### Task goal
Render every line of the data exactly as written, and leave out the pictures.

### Data below
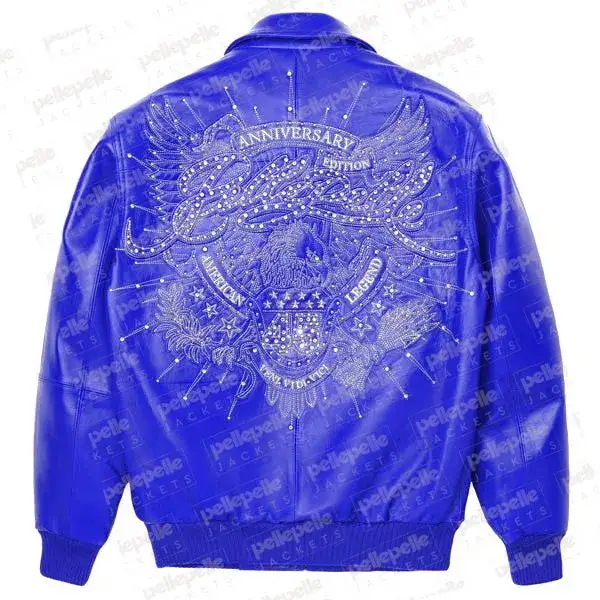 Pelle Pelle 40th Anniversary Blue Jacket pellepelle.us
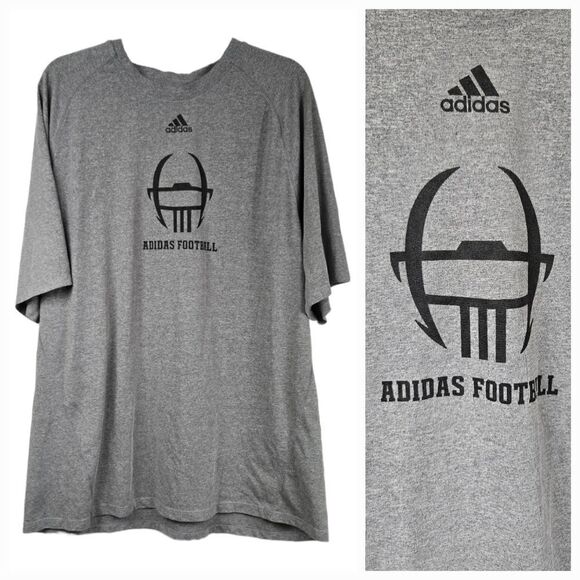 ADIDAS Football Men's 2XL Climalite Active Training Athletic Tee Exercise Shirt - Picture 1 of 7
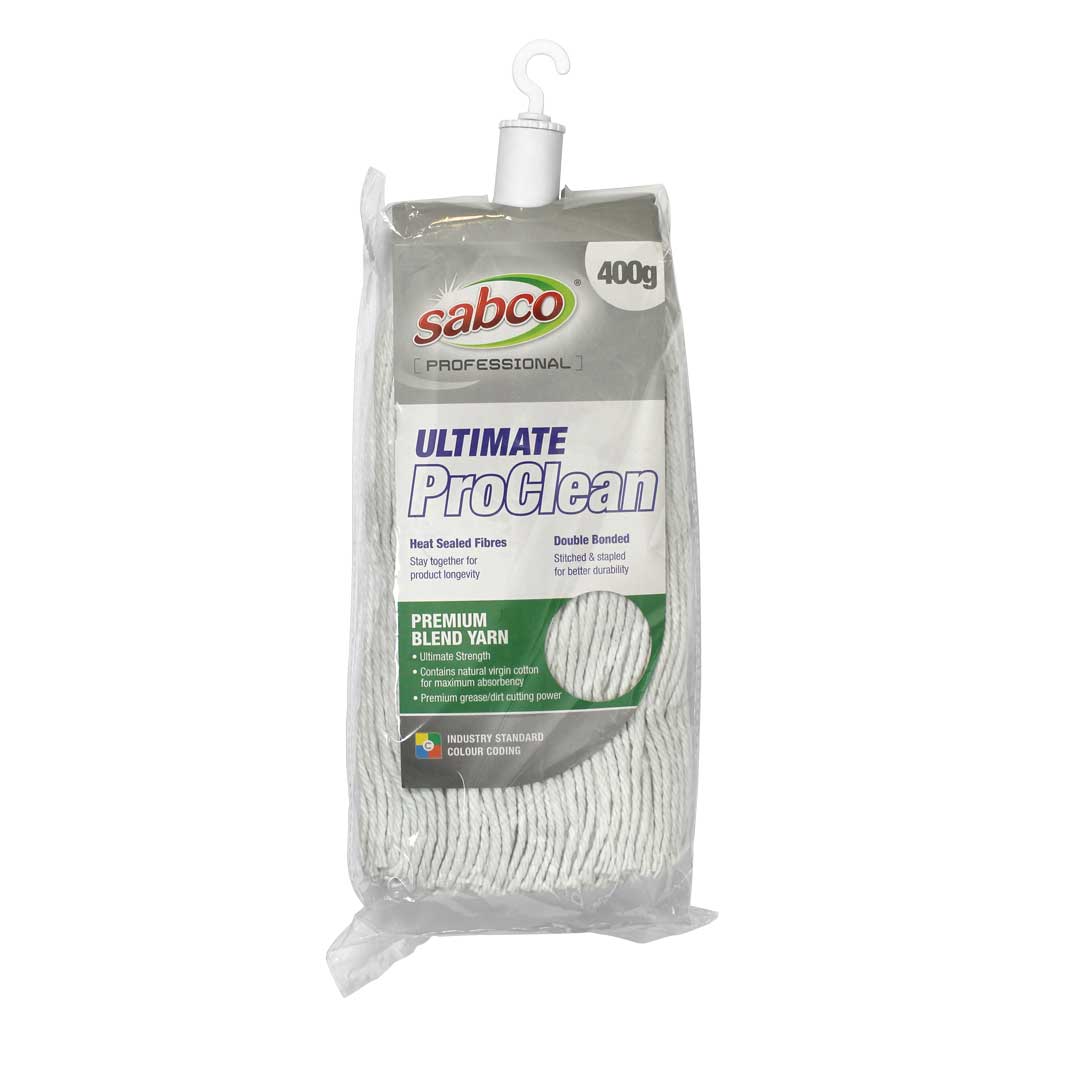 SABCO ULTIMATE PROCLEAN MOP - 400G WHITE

### Reply to the task
 Pelle Pelle 40th Anniversary Blue Jacket pellepelle.us
 ADIDAS Football Men's 2XL Climalite Active Training Athletic Tee Exercise Shirt - Picture 1 of 7
 SABCO ULTIMATE PROCLEAN MOP - 400G WHITE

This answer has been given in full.